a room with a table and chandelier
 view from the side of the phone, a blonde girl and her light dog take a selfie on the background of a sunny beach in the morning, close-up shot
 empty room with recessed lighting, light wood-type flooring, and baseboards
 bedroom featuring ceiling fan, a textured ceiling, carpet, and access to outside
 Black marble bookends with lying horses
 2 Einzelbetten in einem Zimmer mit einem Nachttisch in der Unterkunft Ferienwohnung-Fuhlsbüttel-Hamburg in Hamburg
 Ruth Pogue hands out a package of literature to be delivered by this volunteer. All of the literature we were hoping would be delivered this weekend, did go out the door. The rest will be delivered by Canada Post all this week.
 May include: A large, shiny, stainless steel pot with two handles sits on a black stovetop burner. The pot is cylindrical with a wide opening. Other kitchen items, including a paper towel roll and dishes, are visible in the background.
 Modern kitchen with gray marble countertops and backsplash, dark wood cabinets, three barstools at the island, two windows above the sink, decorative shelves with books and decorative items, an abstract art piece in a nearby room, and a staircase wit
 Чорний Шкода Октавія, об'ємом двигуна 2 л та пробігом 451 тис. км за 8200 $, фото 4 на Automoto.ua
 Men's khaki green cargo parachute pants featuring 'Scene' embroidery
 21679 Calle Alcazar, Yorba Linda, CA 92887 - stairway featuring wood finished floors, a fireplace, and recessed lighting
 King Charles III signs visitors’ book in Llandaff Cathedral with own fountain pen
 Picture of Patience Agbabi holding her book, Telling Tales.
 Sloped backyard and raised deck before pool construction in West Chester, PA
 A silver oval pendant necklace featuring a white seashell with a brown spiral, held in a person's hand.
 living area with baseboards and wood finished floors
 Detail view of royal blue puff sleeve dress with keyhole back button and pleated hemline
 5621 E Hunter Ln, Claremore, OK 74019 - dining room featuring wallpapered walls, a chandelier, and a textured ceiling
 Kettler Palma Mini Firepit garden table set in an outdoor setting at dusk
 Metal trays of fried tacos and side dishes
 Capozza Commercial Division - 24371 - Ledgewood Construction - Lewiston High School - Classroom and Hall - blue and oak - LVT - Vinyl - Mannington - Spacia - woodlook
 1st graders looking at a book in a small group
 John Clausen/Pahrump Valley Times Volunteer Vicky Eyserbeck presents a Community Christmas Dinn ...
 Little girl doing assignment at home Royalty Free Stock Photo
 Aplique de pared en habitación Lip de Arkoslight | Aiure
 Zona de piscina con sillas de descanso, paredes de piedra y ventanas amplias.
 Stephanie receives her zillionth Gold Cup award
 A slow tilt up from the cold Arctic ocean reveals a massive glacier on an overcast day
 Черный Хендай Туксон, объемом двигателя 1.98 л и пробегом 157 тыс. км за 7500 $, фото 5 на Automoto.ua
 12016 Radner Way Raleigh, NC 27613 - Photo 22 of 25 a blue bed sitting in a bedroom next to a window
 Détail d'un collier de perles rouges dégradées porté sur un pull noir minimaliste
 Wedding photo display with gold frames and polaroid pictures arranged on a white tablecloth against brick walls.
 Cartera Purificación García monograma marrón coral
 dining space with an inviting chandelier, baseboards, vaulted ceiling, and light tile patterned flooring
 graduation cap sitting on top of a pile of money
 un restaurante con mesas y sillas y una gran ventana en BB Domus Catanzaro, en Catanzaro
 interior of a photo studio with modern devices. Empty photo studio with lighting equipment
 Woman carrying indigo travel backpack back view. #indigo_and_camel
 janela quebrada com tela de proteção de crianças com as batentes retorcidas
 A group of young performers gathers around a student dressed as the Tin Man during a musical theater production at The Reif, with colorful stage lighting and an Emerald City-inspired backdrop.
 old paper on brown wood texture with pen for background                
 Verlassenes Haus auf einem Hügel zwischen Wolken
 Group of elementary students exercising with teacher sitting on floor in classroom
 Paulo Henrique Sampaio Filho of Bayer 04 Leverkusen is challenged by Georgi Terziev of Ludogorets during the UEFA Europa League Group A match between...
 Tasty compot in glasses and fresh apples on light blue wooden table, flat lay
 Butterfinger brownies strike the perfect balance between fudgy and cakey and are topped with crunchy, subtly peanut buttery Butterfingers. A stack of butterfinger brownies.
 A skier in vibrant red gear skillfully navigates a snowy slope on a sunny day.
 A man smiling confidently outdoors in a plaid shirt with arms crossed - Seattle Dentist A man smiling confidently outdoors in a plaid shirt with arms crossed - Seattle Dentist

--

▸ **Directions for this task**
Only the count belongs in your answer, so please work out how many lines of the data contain "einem".

▸ **Output of the exercise**
2